このうちの転がり軸受ユニットは、内周面に複列の外輪軌道を有し、使用時にも回転しない外輪と、外周面に複列の内輪軌道を有し、使用時に回転するハブと、これら両列の内輪軌道と上記両列の外輪軌道との間に、両列毎に複数個ずつ転動自在に設けられた転動体とを備える。
又、上記状態量測定装置は、エンコーダと、少なくとも1個のセンサと、演算器とを備える。
このうちのエンコーダは、上記ハブの軸方向端部に支持固定されたものであって、このハブと同心の被検出面を備え、この被検出面の特性を円周方向に関して交互に変化させている。
又、上記センサは、検出部を上記エンコーダの被検出面に対向させた状態で、上記外輪の軸方向端部開口を塞ぐ為にこの軸方向端部に固定した有底円筒状のカバー内に、合成樹脂製のセンサホルダを介して保持されていて、上記被検出面の特性変化に対応して出力信号を変化させる。
又、上記演算器は、上記センサの出力信号に基づいて、上記外輪と上記ハブとの間の相対変位と、これら外輪とハブとの間に作用する外力とのうちの、少なくとも1種類の状態量を算出する機能を有する。
【0013】
特に、本発明の転がり軸受ユニットの状態量測定装置に於いては、上記カバーの底板部の一部に通孔を形成すると共に、この通孔の内側に上記センサの出力信号を取り出す為の端子を、上記センサホルダとは別体に構成され、且つ、このセンサホルダと干渉しない位置に配置された合成樹脂製の端子ホルダを介して保持している。これと共に、この端子ホルダのうちで上記カバー外に露出した部分を、コネクタ部としている。

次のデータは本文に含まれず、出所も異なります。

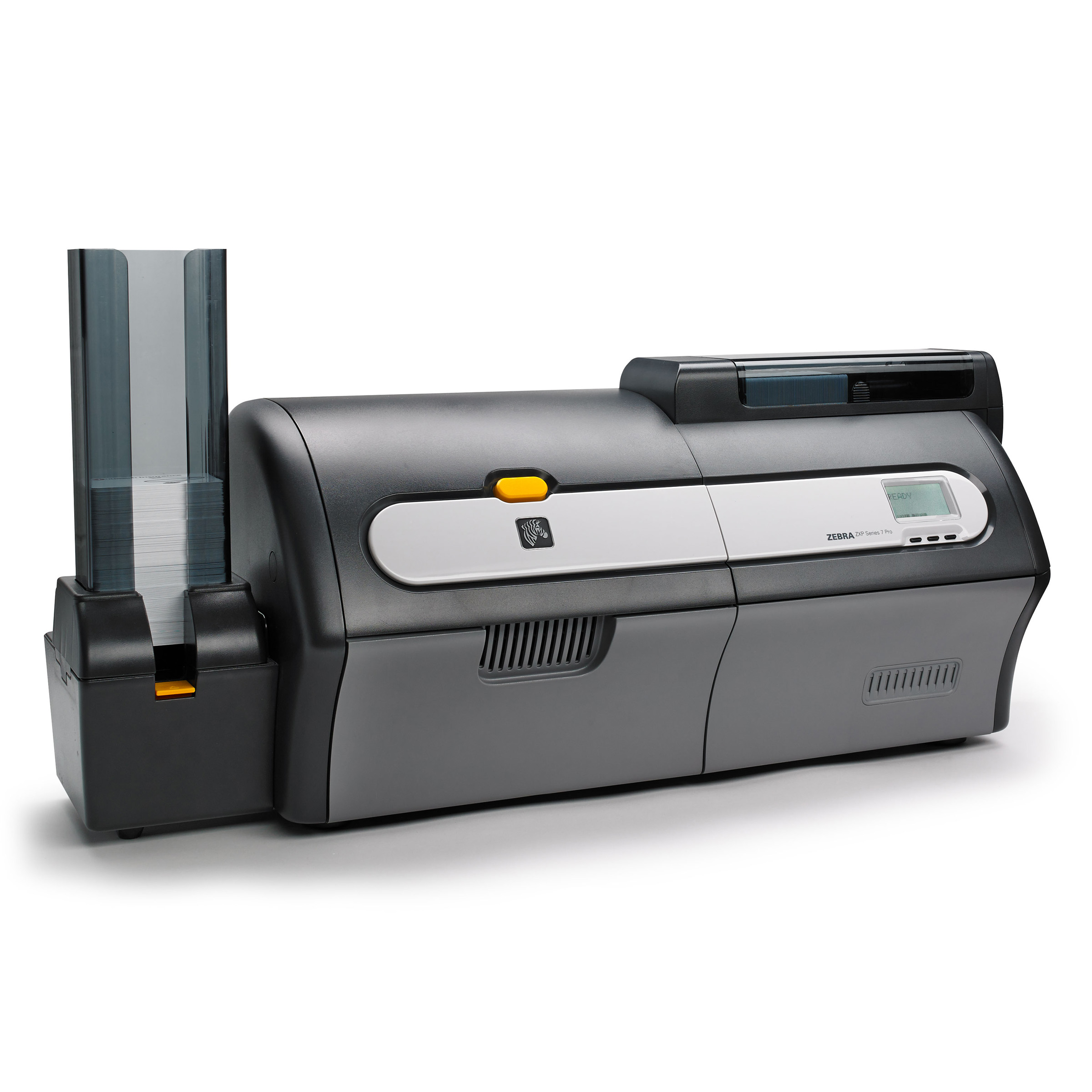 ZXP Series 7 Card Printers | Zebra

又、この様な特徴を有する本発明を実施する場合に、好ましくは、請求項2に記載した様に、上記端子の一部分で上記端子ホルダからカバー内に露出した部分に、この端子ホルダに外力が作用する事によりこの端子ホルダが上記カバーに対してずれ動いた場合に、自身が変形する事に基づいて上記端子ホルダに作用した外力が上記端子を介して上記センサホルダに伝達されるのを防止する、外力吸収部を設ける。
【0014】
又、上述の様な本発明を実施する場合に、好ましくは、請求項3に記載した様に、上記転がり軸受ユニットを自動車の車輪支持用のハブユニットとする。そして、使用状態で上記静止側軌道輪を自動車の懸架装置に支持すると共に、上記ハブに車輪を結合固定する。
【発明の効果】
【0015】
上述の様に、本発明の転がり軸受ユニットの状態量測定装置の場合には、センサを保持するセンサホルダにコネクタ部を、一体的に形成してはいない。即ち、本発明の場合には、このコネクタ部を、このセンサホルダとは別体に構成され、且つ、このセンサホルダと干渉しない位置に配置された、端子ホルダの一部分として形成している。この為、上記コネクタ部に何らかの外力が加わり、この結果、このコネクタ部を備えた上記端子ホルダがカバーに対してずれ動いた場合でも、上記センサホルダがこのカバーに対してずれ動く事を有効に防止できる。従って、上記コネクタ部に何らかの外力が加わる事に拘らず、エンコーダの被検出面とセンサの検出部との位置関係を正規の位置関係に保つ事ができ、正確な状態量測定を行える。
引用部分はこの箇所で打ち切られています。